Excerpted records =>
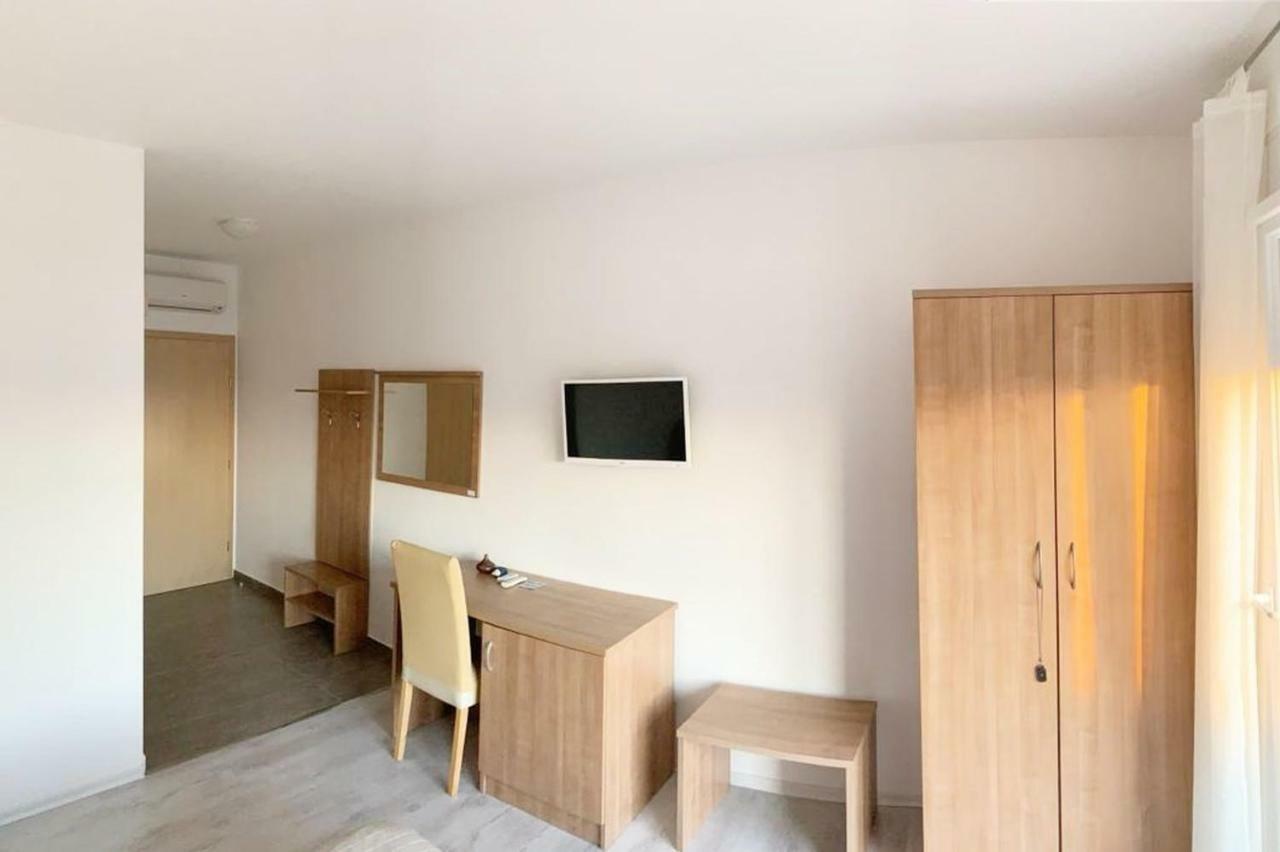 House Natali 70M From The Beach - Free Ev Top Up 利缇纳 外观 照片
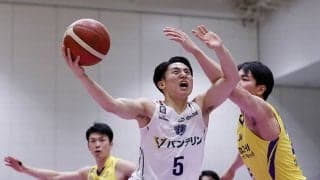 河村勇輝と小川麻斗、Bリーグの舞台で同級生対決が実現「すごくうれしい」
...
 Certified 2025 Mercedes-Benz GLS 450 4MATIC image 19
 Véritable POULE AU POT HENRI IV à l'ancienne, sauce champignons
==
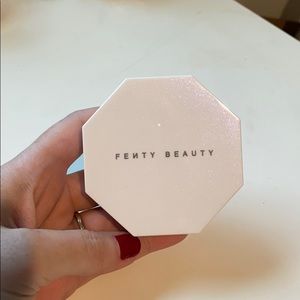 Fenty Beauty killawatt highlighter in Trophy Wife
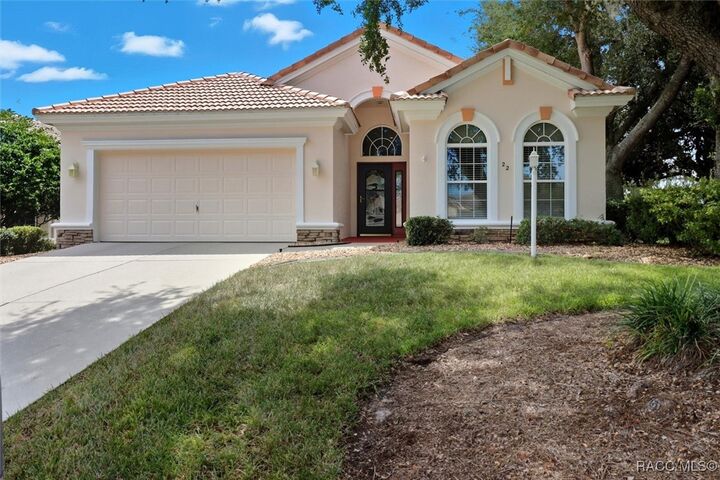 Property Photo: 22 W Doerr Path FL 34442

Required work =>
In the records above, find the line with "House Natali 70M" and the line with "河村勇輝と小川麻斗、Bリーグの舞台で同級生対決が実現「すごくうれしい」"; please transcribe exactly those two lines and all lines between them, omitting any picture.

Answer =>
 House Natali 70M From The Beach - Free Ev Top Up 利缇纳 外观 照片
 河村勇輝と小川麻斗、Bリーグの舞台で同級生対決が実現「すごくうれしい」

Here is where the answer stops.